Hello guys I am having the following problem:

I have an array with a lenght that is a multiple of 4 e.g:

{1,2,3,4,5,6,7,8}

I want to know how can i get the numbers in the following pairs: {1,4},{2,3},{5,8},{6,7}.....(etc)

Suppose i loop through them and i want to get the index of the pair member from my current index

int myarr[8]={1,2,3,4,5,6,7,8};

for(int i=0;i<8;i++)
**j= func(i)**

I have thought of something like this:

f(1)=4
f(4)=1
and i would be taking: **f(i)=a * i + b**
(i think a linear function is enough)
It would result: f(i)=j=-i+5 .
How can i generalise this for more then 4 members? What do you do in cases where you need a general formula for pairing elements?

Answer 1

About the generalization, this should do it:

auto pairs(const vector<int>& in, int groupLength = 4) {
    vector<pair<int, int>> result;
    int groups = in.size() / groupLength;
    for (int group = 0; group < groups; ++group) {
        int i = group * groupLength;
        int j = i + groupLength - 1;
        while (i < j) {
            result.emplace_back(in[i++], in[j--]);
        }
    }
    return result;
}

You can run this code online.

If you are just looking for a formula to calculate the indices, then in general case it's:

int f(int i, int k = 4) {
    return i + k - 2 * (i % k) - 1;
}

Turns out your special case (size 4) is sequence A004444 in OEIS.

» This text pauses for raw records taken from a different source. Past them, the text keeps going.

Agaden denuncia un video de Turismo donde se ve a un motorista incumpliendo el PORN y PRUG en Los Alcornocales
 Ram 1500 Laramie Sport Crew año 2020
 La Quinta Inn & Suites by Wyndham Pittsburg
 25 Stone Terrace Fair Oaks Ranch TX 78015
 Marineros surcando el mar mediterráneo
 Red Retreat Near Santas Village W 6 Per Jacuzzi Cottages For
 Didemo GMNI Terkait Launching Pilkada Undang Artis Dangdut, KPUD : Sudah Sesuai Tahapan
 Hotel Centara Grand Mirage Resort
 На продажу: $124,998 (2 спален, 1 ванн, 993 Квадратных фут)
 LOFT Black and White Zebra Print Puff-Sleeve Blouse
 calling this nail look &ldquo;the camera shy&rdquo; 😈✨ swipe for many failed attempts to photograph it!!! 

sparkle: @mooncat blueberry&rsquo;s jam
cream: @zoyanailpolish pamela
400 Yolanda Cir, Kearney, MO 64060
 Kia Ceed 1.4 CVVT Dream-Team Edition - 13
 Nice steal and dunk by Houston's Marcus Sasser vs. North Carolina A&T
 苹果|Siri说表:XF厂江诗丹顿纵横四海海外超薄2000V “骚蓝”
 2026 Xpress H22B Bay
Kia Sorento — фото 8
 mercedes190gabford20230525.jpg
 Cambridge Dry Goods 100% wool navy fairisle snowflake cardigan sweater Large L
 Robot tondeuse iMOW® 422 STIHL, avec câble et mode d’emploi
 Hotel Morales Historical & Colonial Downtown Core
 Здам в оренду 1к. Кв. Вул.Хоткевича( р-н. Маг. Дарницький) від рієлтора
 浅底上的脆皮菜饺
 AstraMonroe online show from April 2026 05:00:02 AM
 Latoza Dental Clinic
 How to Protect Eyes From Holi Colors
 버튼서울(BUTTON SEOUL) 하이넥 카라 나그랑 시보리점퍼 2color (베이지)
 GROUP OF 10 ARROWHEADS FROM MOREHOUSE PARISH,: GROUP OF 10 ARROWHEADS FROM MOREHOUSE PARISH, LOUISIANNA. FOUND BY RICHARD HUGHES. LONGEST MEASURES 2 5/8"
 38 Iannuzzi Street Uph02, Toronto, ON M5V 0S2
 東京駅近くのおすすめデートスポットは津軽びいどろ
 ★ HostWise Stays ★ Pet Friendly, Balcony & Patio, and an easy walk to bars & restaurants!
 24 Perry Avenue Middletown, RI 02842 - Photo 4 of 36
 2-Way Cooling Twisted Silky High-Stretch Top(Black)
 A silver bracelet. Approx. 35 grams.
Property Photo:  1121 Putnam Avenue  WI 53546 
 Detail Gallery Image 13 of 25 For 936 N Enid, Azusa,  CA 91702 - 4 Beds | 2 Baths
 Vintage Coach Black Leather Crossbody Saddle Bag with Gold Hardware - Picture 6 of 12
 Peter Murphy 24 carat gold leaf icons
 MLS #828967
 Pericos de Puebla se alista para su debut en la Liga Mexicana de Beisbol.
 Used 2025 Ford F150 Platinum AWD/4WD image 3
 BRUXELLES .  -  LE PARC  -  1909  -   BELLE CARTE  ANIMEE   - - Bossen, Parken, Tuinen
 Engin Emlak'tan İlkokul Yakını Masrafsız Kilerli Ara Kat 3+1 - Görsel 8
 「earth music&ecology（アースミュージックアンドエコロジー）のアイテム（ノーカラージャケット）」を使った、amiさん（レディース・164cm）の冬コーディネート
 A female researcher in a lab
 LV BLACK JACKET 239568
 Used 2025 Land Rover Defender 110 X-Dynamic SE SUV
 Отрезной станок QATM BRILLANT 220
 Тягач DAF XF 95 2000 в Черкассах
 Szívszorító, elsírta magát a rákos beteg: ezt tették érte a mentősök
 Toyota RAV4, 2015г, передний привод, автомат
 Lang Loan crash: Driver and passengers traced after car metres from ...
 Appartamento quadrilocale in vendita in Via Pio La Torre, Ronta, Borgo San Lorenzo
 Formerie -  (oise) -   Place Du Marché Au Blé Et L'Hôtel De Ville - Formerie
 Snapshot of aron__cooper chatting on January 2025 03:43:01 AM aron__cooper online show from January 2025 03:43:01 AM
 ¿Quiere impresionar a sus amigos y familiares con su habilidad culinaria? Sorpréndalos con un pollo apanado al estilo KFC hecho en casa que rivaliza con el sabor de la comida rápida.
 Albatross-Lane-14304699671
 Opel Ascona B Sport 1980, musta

In general you have "nimsum n + (size-1)".

Answer 2

You could do it as follows by keeping the incremental iteration but use a function depending on the current block and the remainder as follows.

int myarr[8]={1,2,3,4,5,6,7,8};

int Successor(int i)
{
    int BlockStart = i / 4;
    int Remainder = i % 4;
    int j = 0;
    if ( Remainder == 0 )
        j = 0;
    else if ( Remainder == 1 )
        j = 3;
    else if ( Remainder == 2 )
        j = 1;
    else if ( Remainder == 3 )
        j = 2
    return BlockStart + j;
}

for(int i = 0; i < 8; i++)
{
    j = f(i);
    // usage of the index
}

Answer 3

Basically, if i is odd j would be i+3, otherwise j = i+1;

int func(int i) {
    if(i%2 != 0)
        return i+3;
    else
        return i+1;
}

This will generate

func(1) = 4, func(2) = 3, func(5) = 8, func(6) = 7 // {1,4},{2,3},{5,8},{6,7}.